The concrete steps are:

• At the Relying Party (RP) - Plesk in our case - install the extension to support OpenID login.
  • Configure it with Admidio's endpoint URLs for authentication, token and userinfo, and enter the EntityID. Auto-discover is currently not supported by the Plesk plugin.
  • Also, choose which scopes (groups of profile fields) should be requested from Admidio (“openid” is required; Since the OpenID Plesk plugin does not support groups mapping, the “groups” scope is not relevant and has no use, but other profile fields might be useful.
• In Admidio, create a new OpenID client.
  • Choose an easily understood label for the client (only used in Admidio's list of clients and in the login form, but has no technical use)
  • Enter the ClientID from the RP, Copy the created Client Secret (you will later need to paste it into the Plesk configuration), and enter the Redirect URI for the RP. The latter can be found on the plugin's configuration page in Plesk.
  • In Admidio, map the user ID, username, email and fullname to fields that are included in the OpenID login response (so-called “claims”) and enter the corresponding claim names in Plesk.

First, install the OAuth Login plugin in Plesk from the plugin directory:

• After installing this plugin, go to the plugin list and click the “Open” button of the OAuth Login plugin.
• It is now a good idea to keep two browser windows open with Admidio and Plesk's configuration so one can easily select and copy the settings. Admidio even provides little “copy” buttons/icons to copy the various settings to the clipboard for easy pasting into the Plesk configuration.

The next step is to set up Admidio to receive login requests from Plesk. This is done by adding an OpenID client in Admidio. Return to Admidio's SSO preferences page, go to the “Single-Sign-On Client Administration” (the button right below the endpoint URLs and above the “Save” button), and create a new client.

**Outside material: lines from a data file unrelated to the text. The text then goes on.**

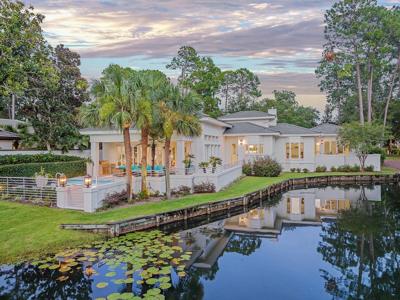 2996 Bay Villas Court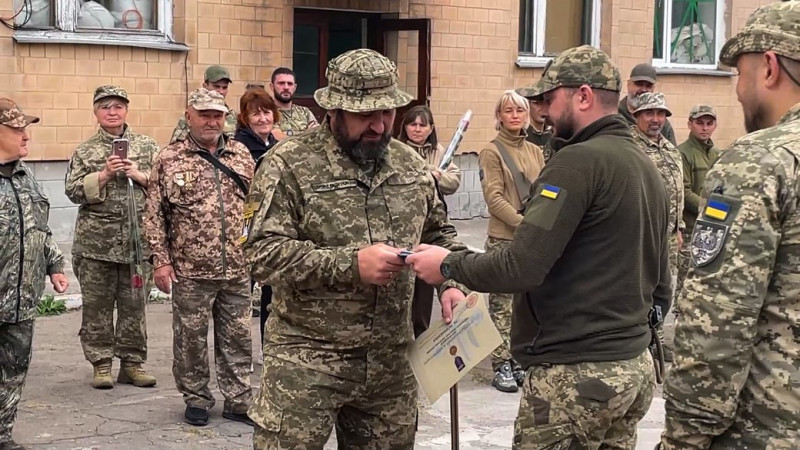 У громаді на Чернігівщині зібрали понад 1 000 кілограмів каштанів, щоб допомогти ЗСУ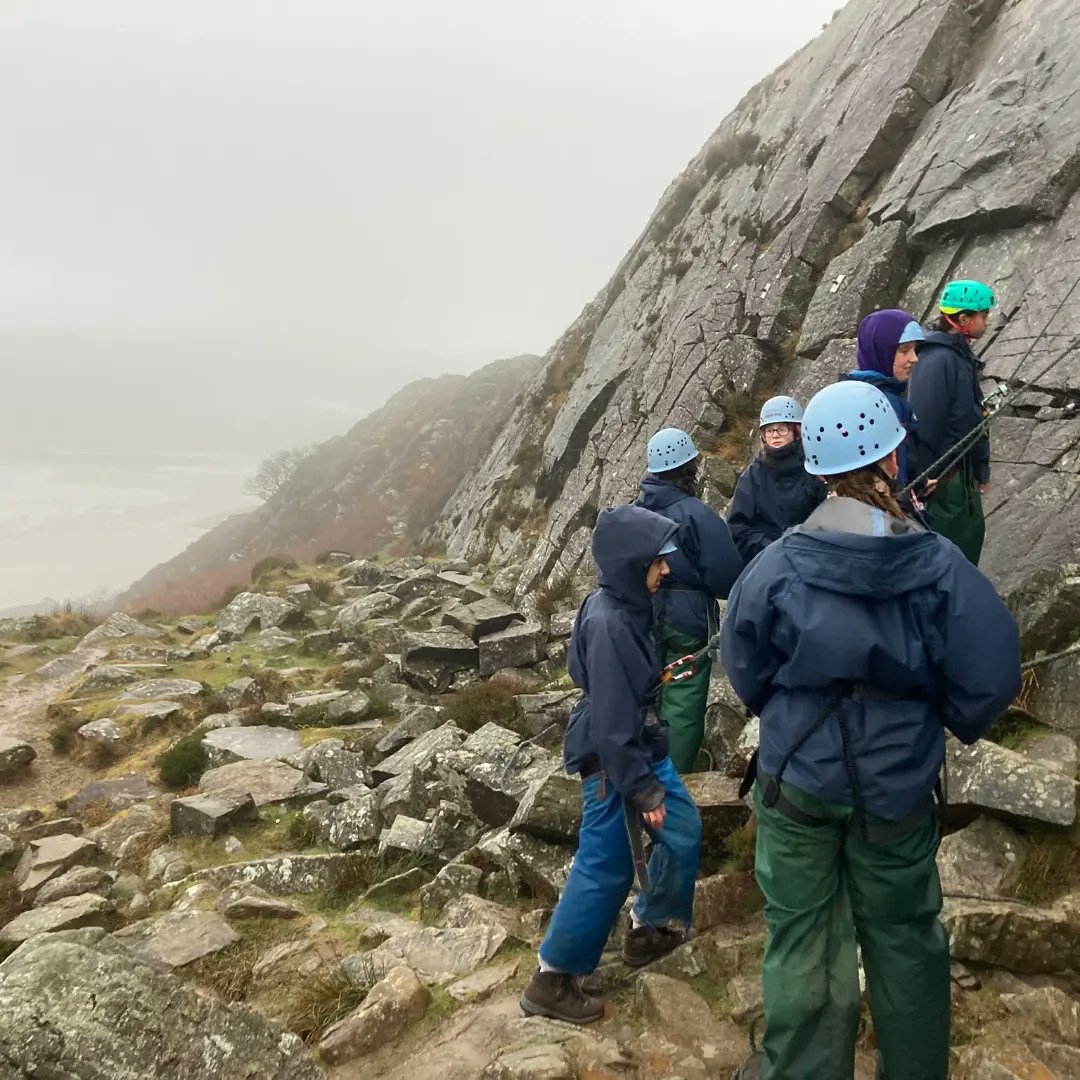 AylesburyHigh's tweet photo. Together
Everyone
Achieves
More
#teamwork #ahsvalueteamwork #aylesburyhighschool #absailing #Aberdyfi https://t.co/YB55hBvmYk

The settings in Plesk's and Admidio's OpenID setup need to match. Most of the settings can be copied over from Admidio to Plesk or vice versa:

• The Client Name is the label of the client in Admidio's client list, it can be anything you like.
• The “Client ID” and “Client Secret” in Admidio and Plesk have to match exactly. The ID is typically the client's URL, although some clients allow any unique identifier. The Client Secret should a random string and will serve like a password. Admidio will create one and allow it to be copied to the client. Afterwards it is only stored as a hash in the database and not be recovered any more. However, one can create a new Client Secret in Admidio and copy that to the client's configuration.
• Copy over the various endpoint URLs from Admidio into Plesk. Admidio provides little “copy” icons for this.
• Enter the scopes you desire in the Plesk config and make sure that Admidio's config matches it. At least openid must be included (Admidio will implicitly add it).

• Plesk will display its Redirect URL at the top of the plugin config. Enter this URL in Admidio.

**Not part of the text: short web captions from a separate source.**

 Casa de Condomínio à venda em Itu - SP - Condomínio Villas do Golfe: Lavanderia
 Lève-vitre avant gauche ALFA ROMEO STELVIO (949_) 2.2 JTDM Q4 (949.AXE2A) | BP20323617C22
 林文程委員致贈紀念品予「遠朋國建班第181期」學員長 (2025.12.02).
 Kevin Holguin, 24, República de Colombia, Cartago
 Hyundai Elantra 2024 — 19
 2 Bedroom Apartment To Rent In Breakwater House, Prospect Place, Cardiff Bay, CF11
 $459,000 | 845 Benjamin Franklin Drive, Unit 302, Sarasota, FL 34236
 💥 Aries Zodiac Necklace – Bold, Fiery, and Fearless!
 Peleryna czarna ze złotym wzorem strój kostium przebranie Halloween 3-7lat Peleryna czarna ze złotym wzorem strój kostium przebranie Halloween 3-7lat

After saving the changes (both in Plesk and Admidio), the apps should should now be set up for single-sign-on in Plesk.

OpenID Login in Plesk does not work for the main administrator, but only for “additional administrator acounts”. They can be set up as main administrator in the “Tools & Settings” area:

The email address will be used to match logins to existing additional admin accounts.

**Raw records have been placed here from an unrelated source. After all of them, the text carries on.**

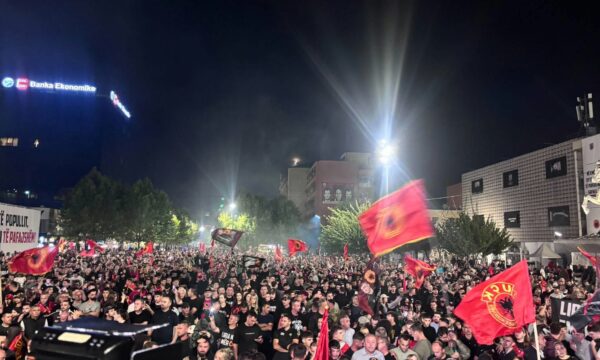“bashke-per-clirimtaret”/-mbahet-protesta-e-radhes-ne-prishtine-kunder-vendimit-ndaj-ish-krereve-te-uck-se,-qytetaret-mblidhen-ne-shesh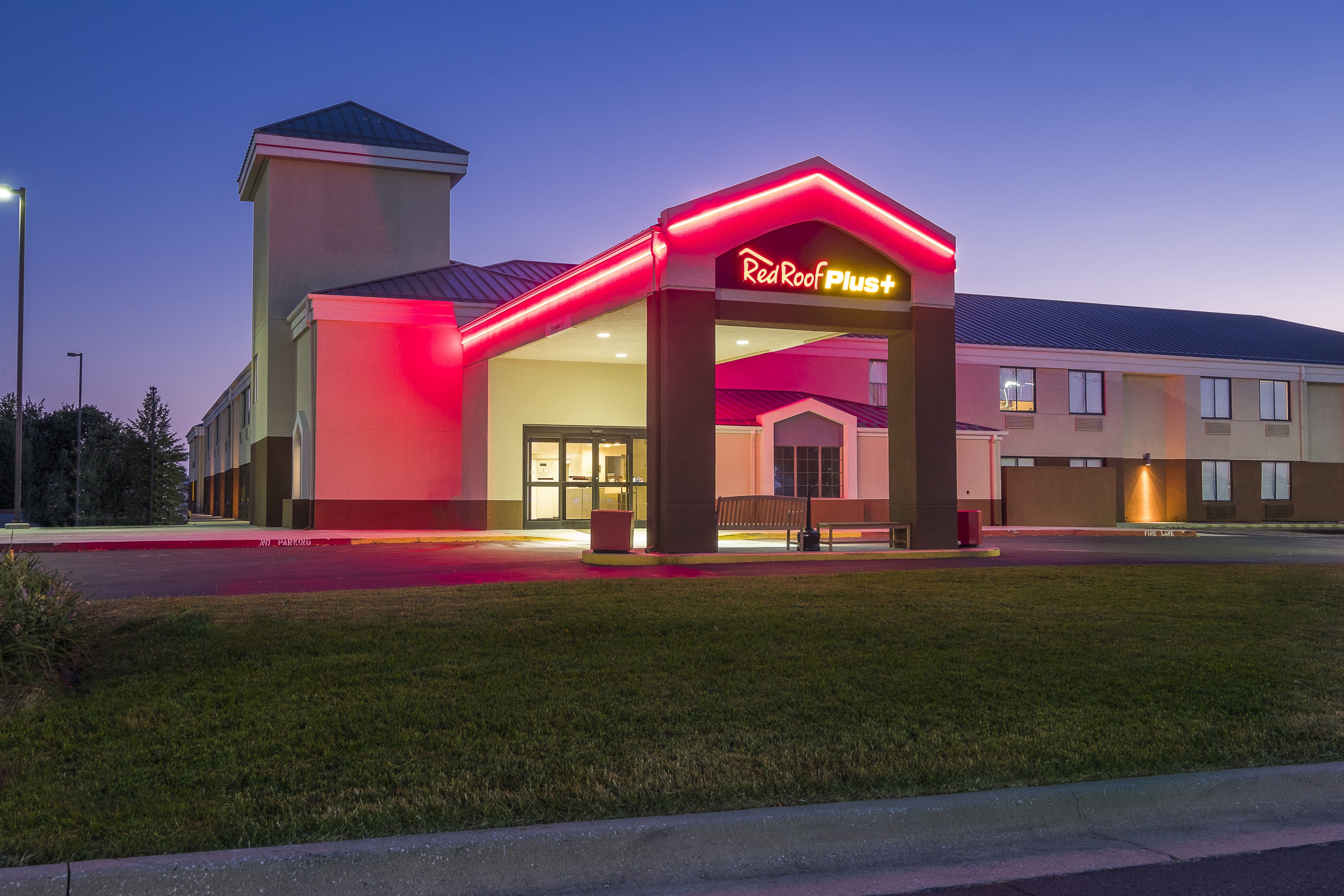 Red Roof Inn Plus+ Bentonville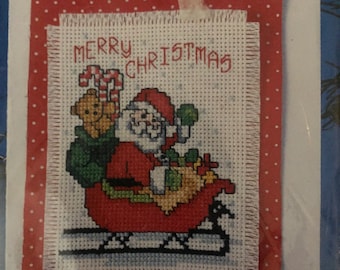 Design Works Crafts - Merry Christmas Santa Sleigh - Counted Cross Stitch Greetings Kit NIP #5853 ***Free Shipping***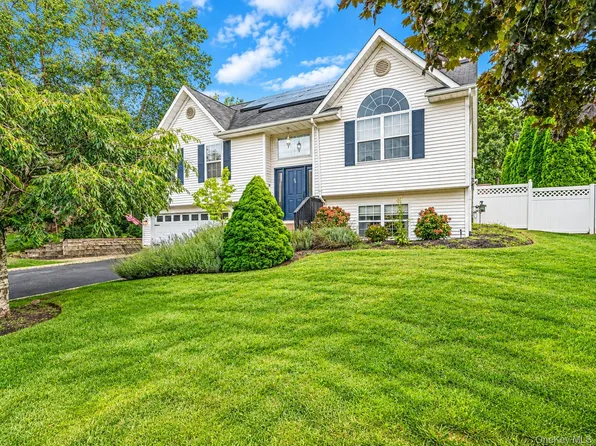 56 Beechwood Drive, Manorville, NY 11949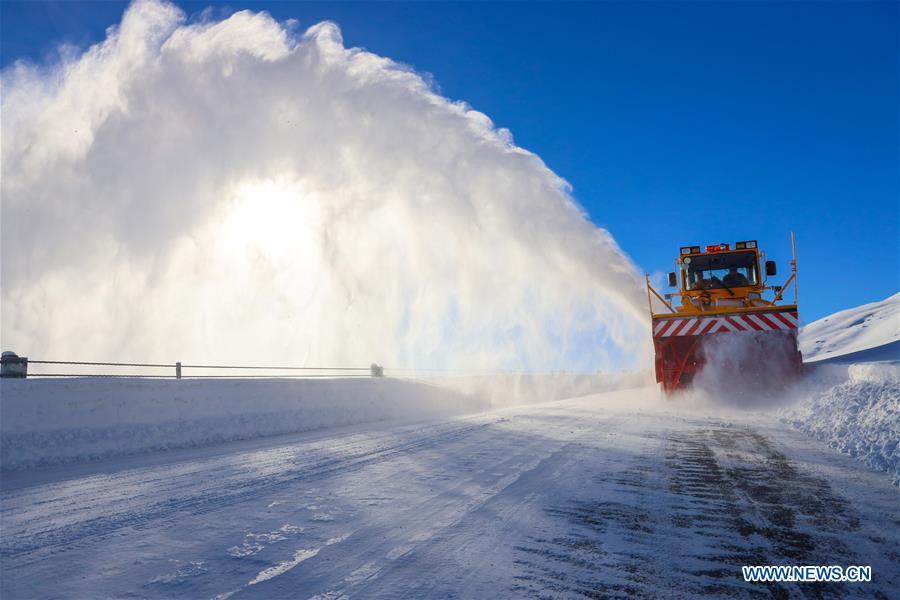 A machine clears snow on the way to Kanas Lake in Burqin County, northwest China\'s Xinjiang Uygur Autonomous Region, Dec. 22, 2018. Burqin County, home to the region\'s renowned Kanas Lake, which takes tourism as its pillar industry speeds up the development of local tourism from single scenic spot to holiday resort in recent years. (Xinhua/Sadat)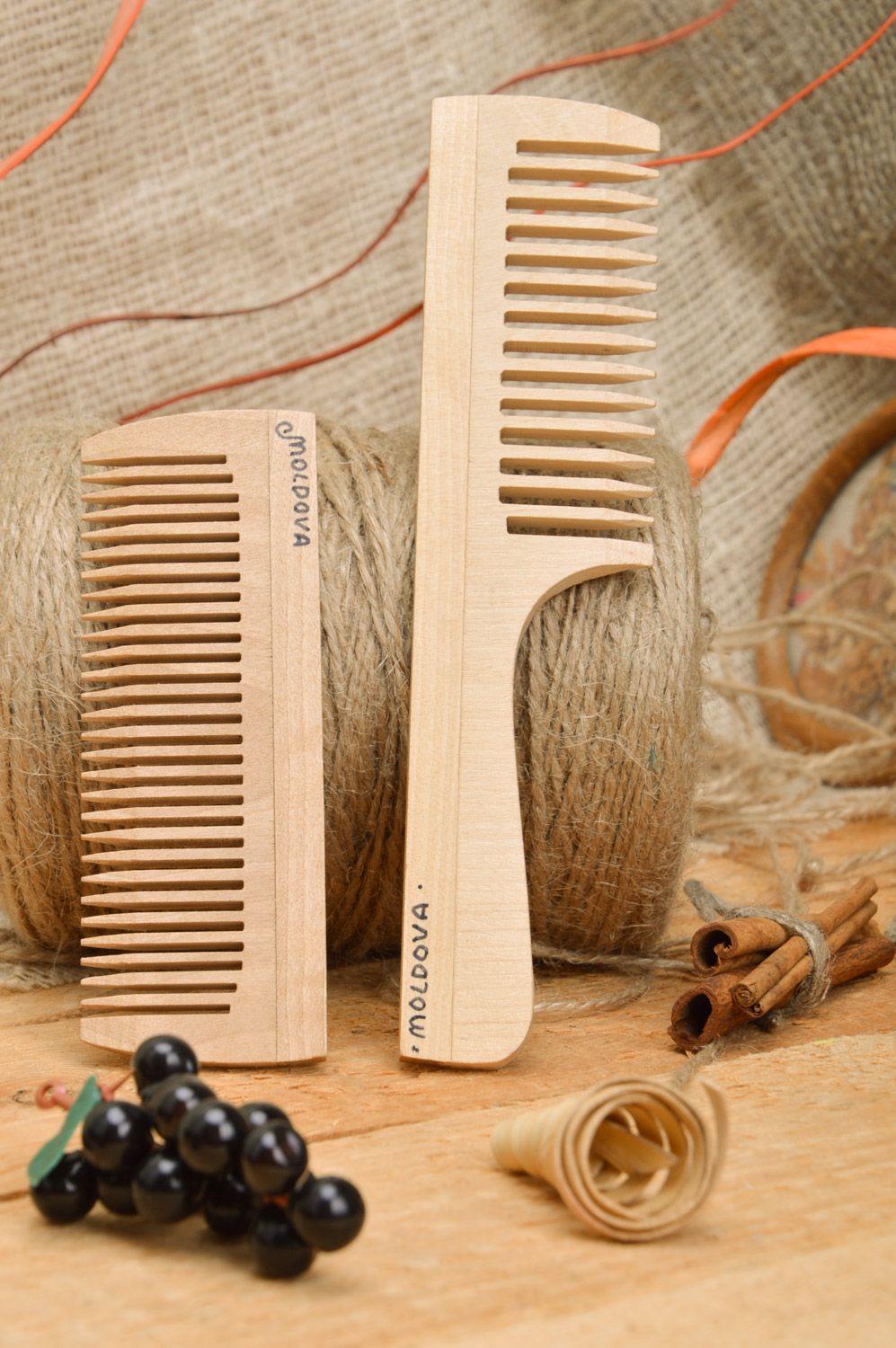 Set of handmade natural wood hair accessories 2 items hairbrush and hair comb photo 1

Admidio and Plesk should now be set up to use Admidio for logging in to Plesk. If you log out of Plesk and try to log in again, you will be shown the Admidio login screen and then redirected back to Plesk after a successful login.

• The OpenID (OAuth Login) plugin in Plesk only allows additional admin accounts to log in, not the main admin account and neither all “ordinary” users that try to adjust their email settings.